Based on the entries below, how many lines contain the word "Leather"? Respond with only the number.

___ Dataset

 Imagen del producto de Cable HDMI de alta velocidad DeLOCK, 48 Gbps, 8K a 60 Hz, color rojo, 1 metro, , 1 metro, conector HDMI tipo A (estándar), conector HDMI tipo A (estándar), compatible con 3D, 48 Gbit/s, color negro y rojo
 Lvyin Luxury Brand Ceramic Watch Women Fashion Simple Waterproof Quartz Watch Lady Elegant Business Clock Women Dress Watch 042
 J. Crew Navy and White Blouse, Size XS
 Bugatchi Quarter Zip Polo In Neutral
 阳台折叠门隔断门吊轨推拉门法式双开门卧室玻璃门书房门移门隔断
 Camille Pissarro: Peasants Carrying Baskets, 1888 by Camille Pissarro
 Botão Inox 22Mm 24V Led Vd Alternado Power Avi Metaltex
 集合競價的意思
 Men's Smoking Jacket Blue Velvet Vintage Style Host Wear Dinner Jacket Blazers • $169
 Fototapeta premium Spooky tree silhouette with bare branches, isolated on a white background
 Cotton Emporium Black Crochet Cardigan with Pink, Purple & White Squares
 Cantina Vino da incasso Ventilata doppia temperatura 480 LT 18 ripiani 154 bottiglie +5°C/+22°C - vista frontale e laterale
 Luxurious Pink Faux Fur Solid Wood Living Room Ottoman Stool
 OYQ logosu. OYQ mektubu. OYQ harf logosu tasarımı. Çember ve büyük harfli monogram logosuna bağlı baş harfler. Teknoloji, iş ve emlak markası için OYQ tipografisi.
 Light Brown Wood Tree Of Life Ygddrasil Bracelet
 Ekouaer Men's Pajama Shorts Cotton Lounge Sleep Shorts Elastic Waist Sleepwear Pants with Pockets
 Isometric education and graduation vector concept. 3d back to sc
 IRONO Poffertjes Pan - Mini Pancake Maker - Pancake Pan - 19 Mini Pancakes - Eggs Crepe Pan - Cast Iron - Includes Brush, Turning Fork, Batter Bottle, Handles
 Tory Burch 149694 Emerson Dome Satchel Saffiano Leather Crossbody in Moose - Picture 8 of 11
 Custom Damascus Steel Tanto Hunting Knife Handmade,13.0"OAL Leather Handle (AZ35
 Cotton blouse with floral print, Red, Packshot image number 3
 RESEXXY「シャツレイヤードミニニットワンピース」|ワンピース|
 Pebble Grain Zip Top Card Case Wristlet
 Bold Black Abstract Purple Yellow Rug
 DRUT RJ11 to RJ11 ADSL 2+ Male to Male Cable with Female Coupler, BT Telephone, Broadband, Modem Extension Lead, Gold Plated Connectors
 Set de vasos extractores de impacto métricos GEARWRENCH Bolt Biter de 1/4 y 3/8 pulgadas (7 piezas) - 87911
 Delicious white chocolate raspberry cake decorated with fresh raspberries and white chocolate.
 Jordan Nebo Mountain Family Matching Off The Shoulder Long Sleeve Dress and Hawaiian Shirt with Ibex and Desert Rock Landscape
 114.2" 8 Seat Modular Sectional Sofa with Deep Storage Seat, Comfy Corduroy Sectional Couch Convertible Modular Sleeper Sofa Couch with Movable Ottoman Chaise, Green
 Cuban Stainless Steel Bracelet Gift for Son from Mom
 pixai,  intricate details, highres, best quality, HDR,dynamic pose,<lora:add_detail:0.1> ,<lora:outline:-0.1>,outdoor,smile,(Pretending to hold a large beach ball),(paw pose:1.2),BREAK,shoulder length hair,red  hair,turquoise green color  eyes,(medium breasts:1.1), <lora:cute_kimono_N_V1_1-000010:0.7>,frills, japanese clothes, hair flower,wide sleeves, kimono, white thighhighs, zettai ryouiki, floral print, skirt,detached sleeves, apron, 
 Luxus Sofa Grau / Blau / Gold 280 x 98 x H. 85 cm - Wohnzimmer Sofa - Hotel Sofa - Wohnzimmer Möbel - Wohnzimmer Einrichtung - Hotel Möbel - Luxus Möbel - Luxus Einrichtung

______

→ Answer to this problem
2